***** Data shown

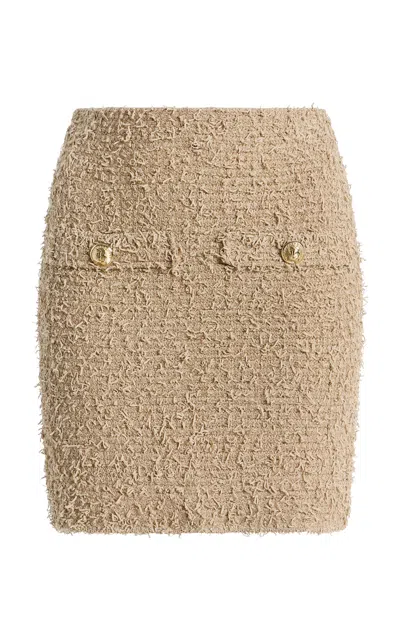 Balmain Knit Tweed Mini Skirt In Neutral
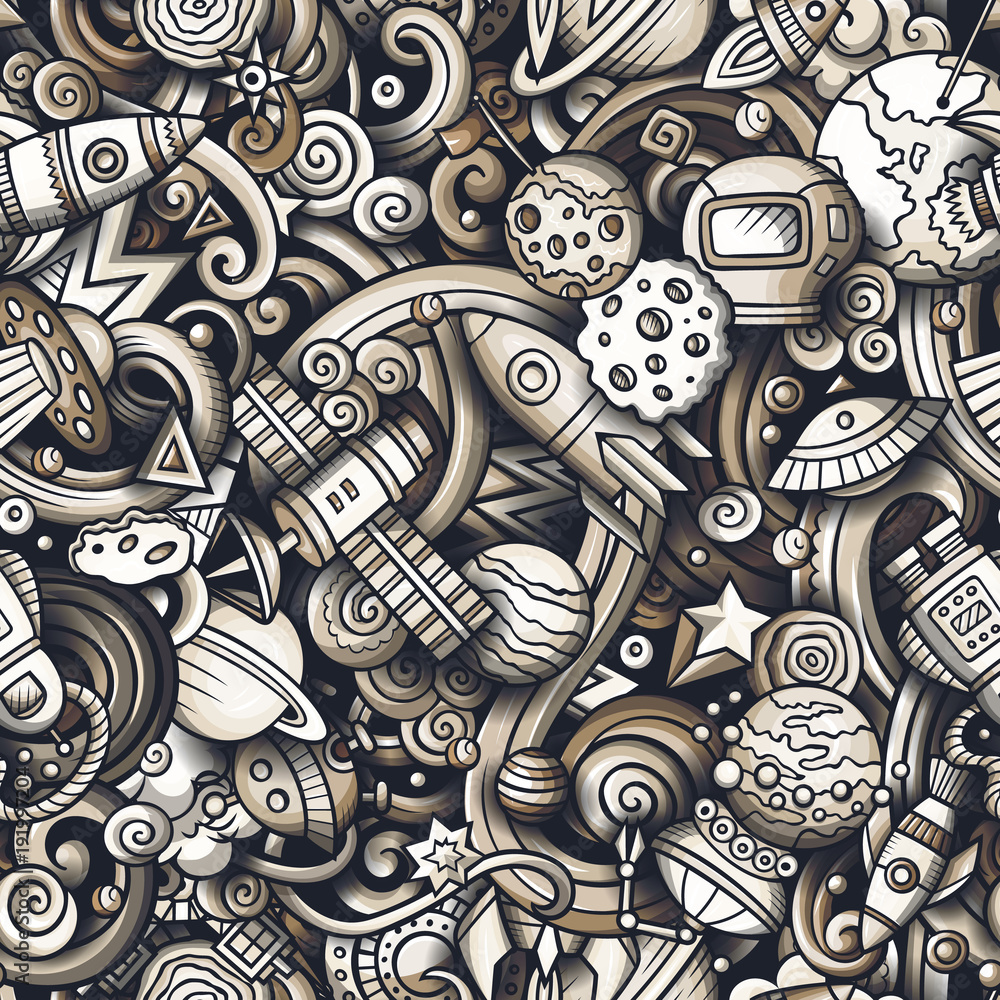 Cartoon cute doodles Space seamless pattern Cartoon cute doodles Space seamless pattern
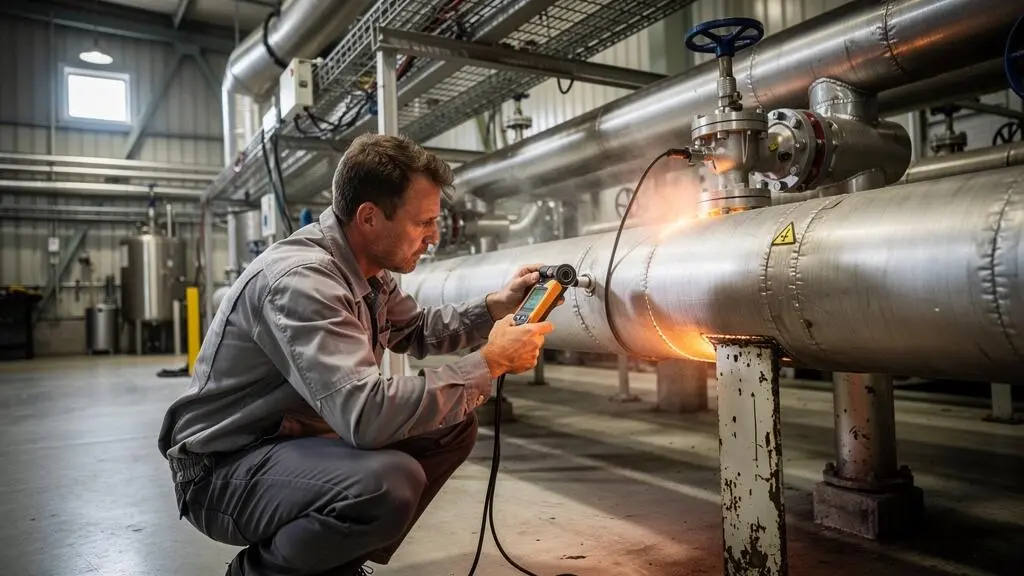 Un technicien mesure la température d'une canalisation d'eau chaude industrielle à l'aide d'une sonde et d'un instrument portatif dans une usine.
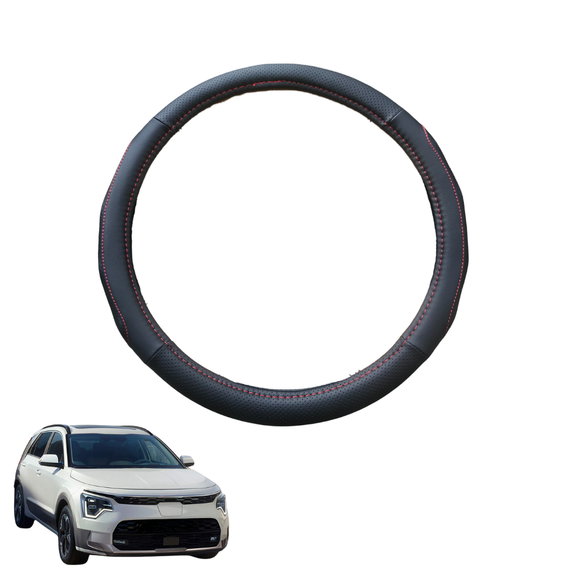 Steering Wheel Cover for Kia Niro 2022 - Current (HEV SG2) - Black Microfiber Leather - Circle 38 cm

**********

**Work to complete**
Above, find the line holding "Cartoon cute doodles Space seamless pattern Cartoon" and the line holding "Un technicien mesure". Print exactly those two lines and every line between them, but no pictures.

**Task result**
 Cartoon cute doodles Space seamless pattern Cartoon cute doodles Space seamless pattern
 Un technicien mesure la température d'une canalisation d'eau chaude industrielle à l'aide d'une sonde et d'un instrument portatif dans une usine.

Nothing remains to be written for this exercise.